Climate models, both global and regional, have increased in sophistication and are being run at increasingly higher resolutions. The Land Surface Models (LSMs) coupled to these climate models have evolved from simple bucket models to sophisticated Soil-Vegetation-Atmosphere Transfer (SVAT) schemes needed to support complex linkages and processes. However, some underpinnings of terrestrial hydrologic parameterizations so crucial in the predictions of surface water and energy fluxes cause model errors that often manifest as non-linear drifts in the dynamic response of land surface processes.
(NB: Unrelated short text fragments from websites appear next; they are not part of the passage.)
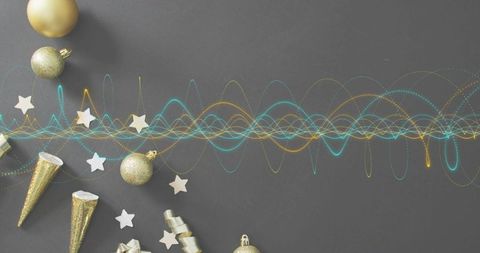 Scattering gold ornaments with teal and gold waveform on gray flat lay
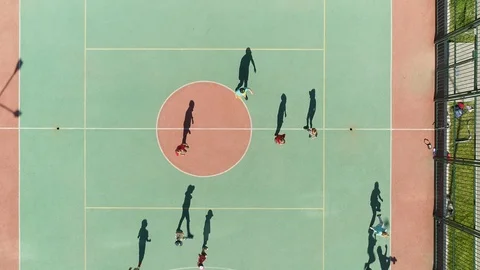 Funny shadow boys moving drone children play soccer sports team on field 4K. Stock Footage 121326910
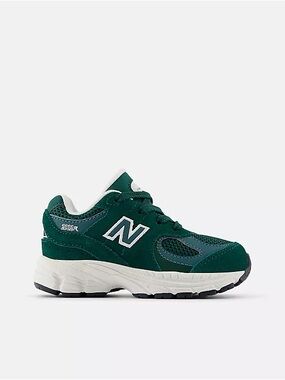 New Balance Kids 2002R Sneaker in Dark Green and White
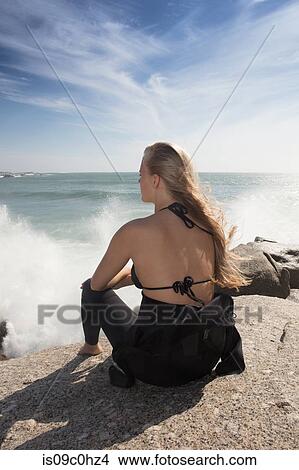 Young female surfer with long blond hair sitting on beach rock, rear view, Cape Town, Western Cape, South Africa View Large Photo Image Picture - Young female surfer with long blond hair sitting on beach rock, rear view, Cape Town, Western Cape, South Africa. Fotosearch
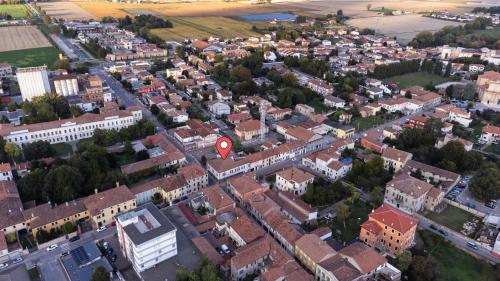 an aerial view of a city with a red sign at Santa Sofia Suite in Lendinara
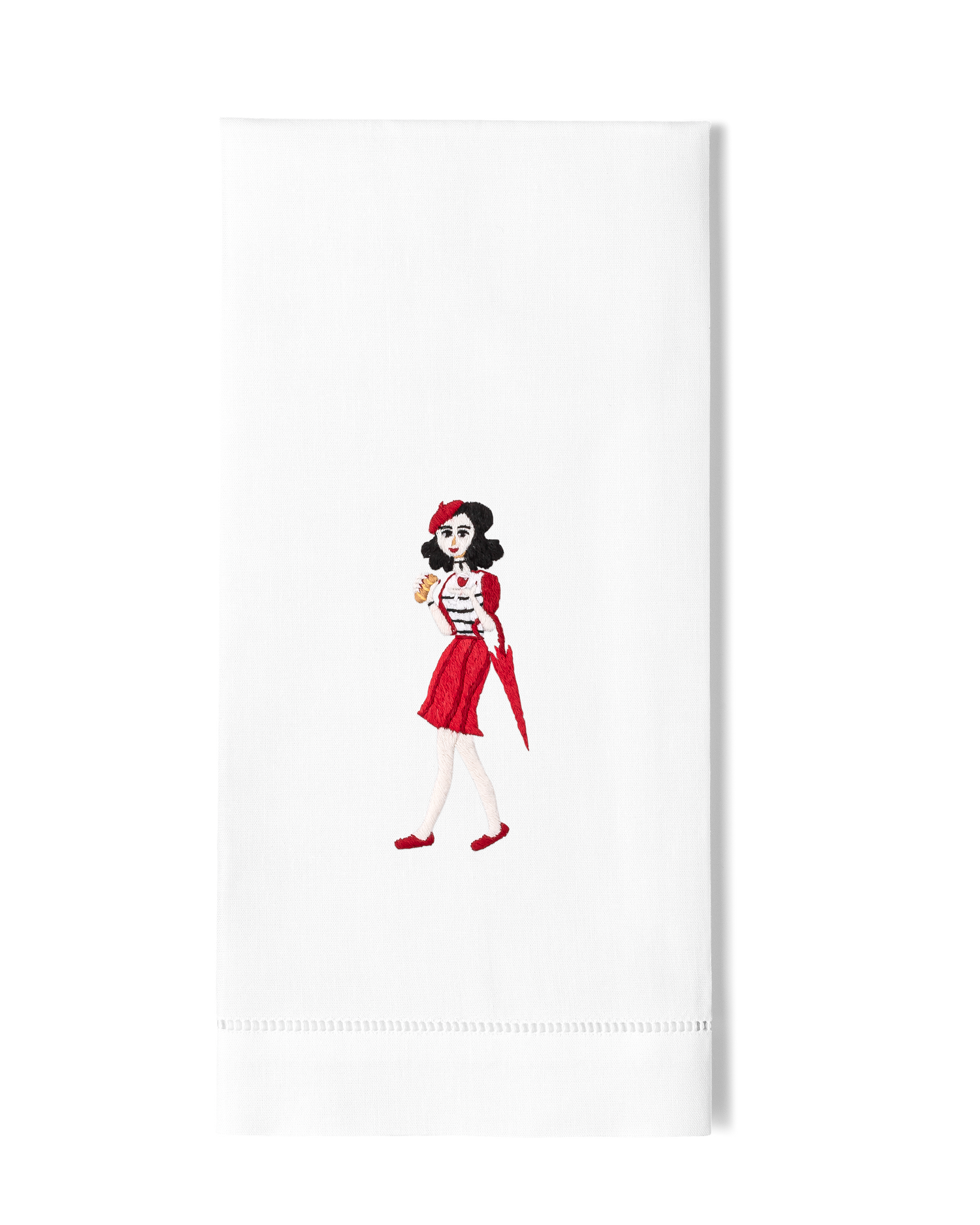 A white hand towel with a hemstitch. A woman in red holding a pastry is embroidered in the center.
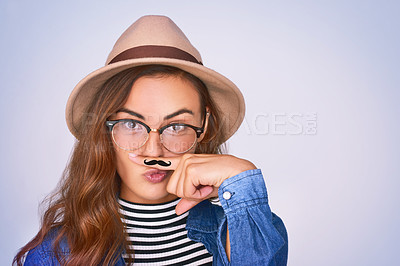 Buy stock photo Woman, portrait and fashion with moustache in studio for funny, comic and funky aesthetic of dress up party. Silly, female person and trendy hat, brand eyewear and pout for event on purple background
This requires the improved parameterizations of key processes for the terrestrial hydrologic scheme to improve the model predictability in surface water and energy fluxes. The Common Land Model (CLM), one of state-of-the-art LSMs, is the land component of the Community Climate System Model (CCSM). However, CLM also has energy and water biases resulting from deficiencies in some parameterizations related to hydrological processes. This research presents the implementation of a selected set of parameterizations and their effects on the runoff prediction. The modifications consist of new parameterizations for soil hydraulic conductivity, water table depth, frozen soil, soil water availability, and topographically controlled baseflow. The results from a set of offline simulations are compared with observed data to assess the performance of the new model. It is expected that the advanced terrestrial hydrologic scheme coupled to the current CLM can improve model predictability for better prediction of runoff that has a large impact on the surface water and energy balance crucial to climate variability and change studies.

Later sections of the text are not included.